• Requirement:
Copy out the data from the line containing "Tilton 900 Series" to its last line, exactly. No pictures.

• Information shown:
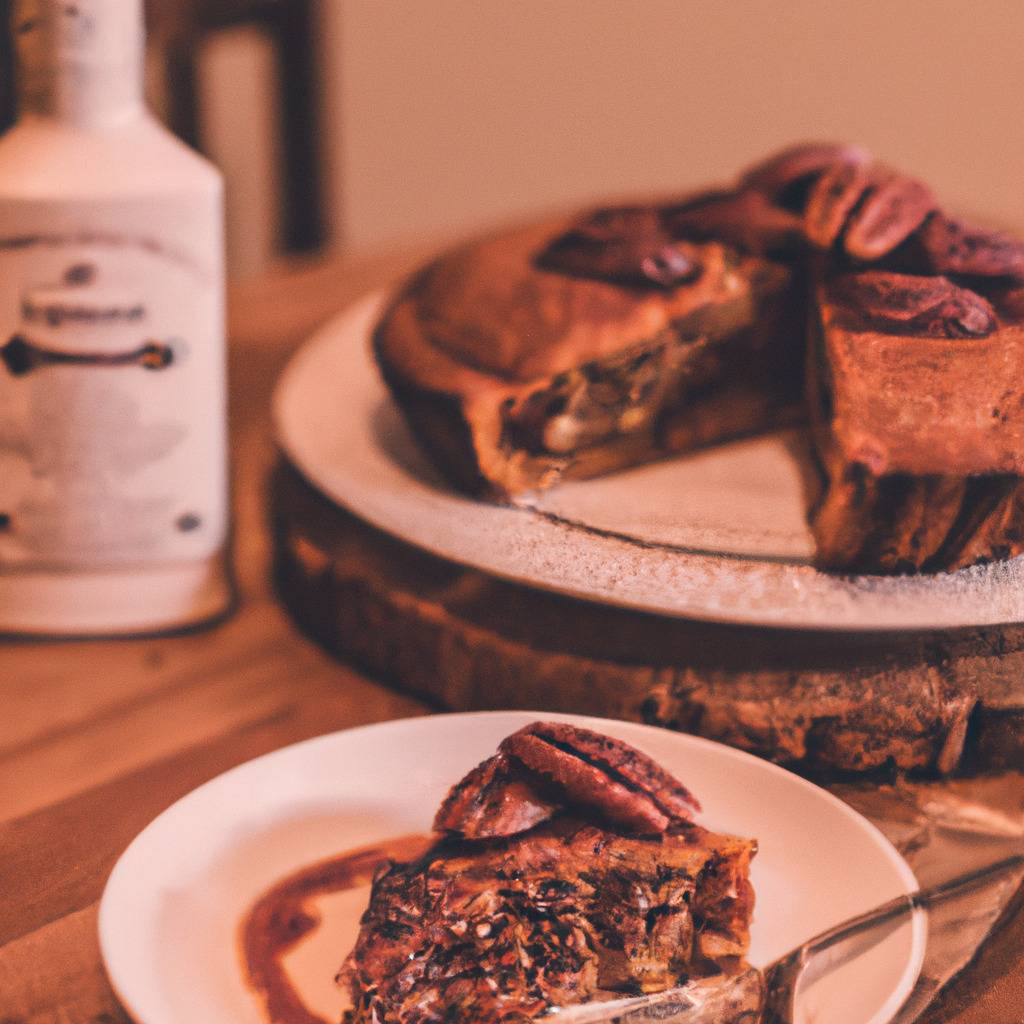 Photo illustrant la recette de : Gâteau à la noix de pécan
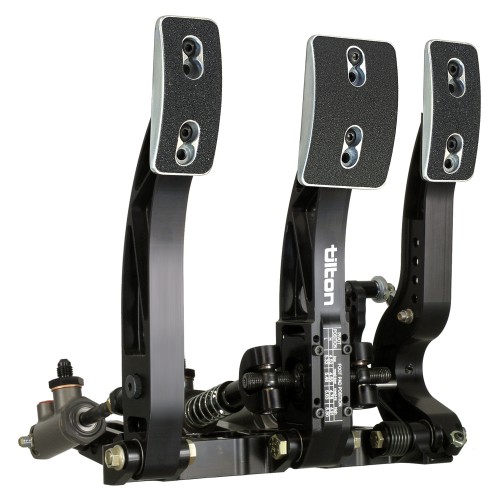 Tilton 900 Series 3 Pedal Floor Mount Pedal Assembly With Billet Aluminium Pedals 72-903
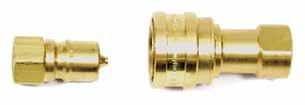 COUPLERS, FITTINGS & FILTERS Twist Seal Couplers Allows U.S.-standard hose to connect to Eu ro pe an (22mm) fittings.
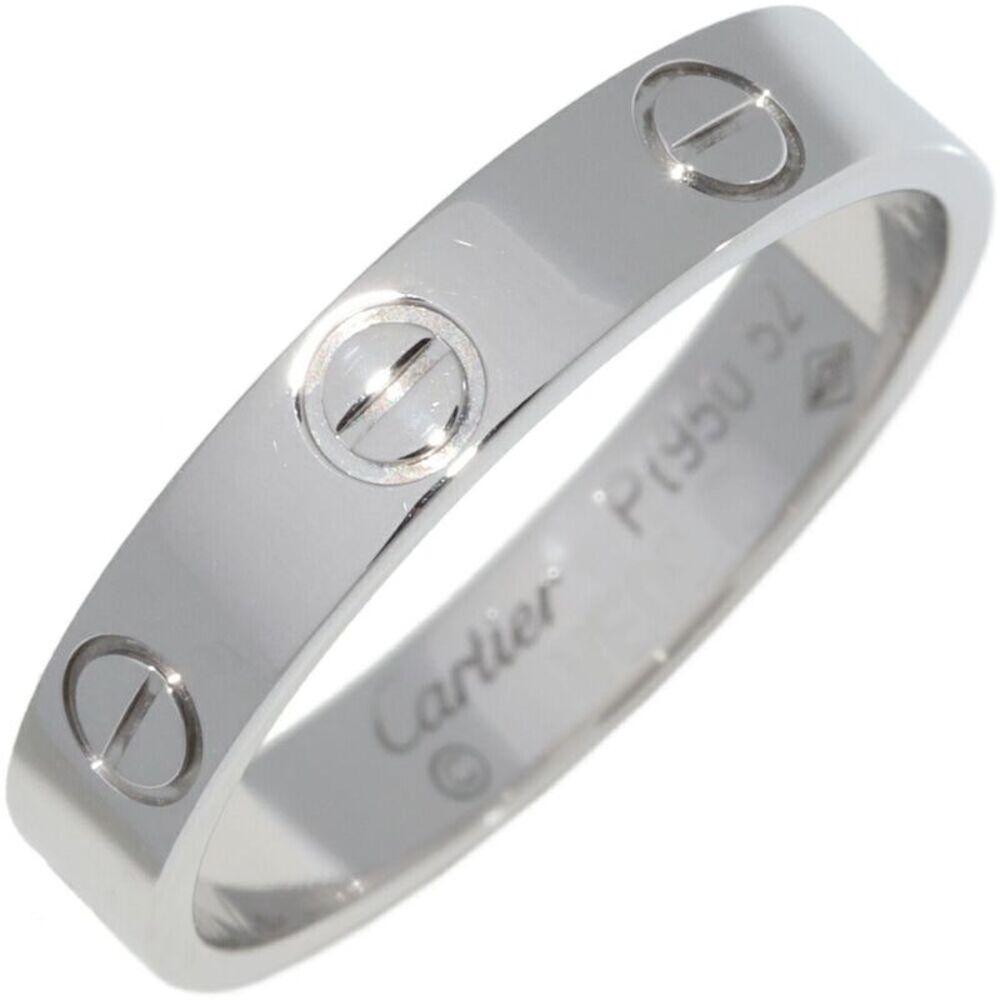 Cartier Love Ring Pt950 Ring Size 52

• Written answer:
 Tilton 900 Series 3 Pedal Floor Mount Pedal Assembly With Billet Aluminium Pedals 72-903
 COUPLERS, FITTINGS & FILTERS Twist Seal Couplers Allows U.S.-standard hose to connect to Eu ro pe an (22mm) fittings.
 Cartier Love Ring Pt950 Ring Size 52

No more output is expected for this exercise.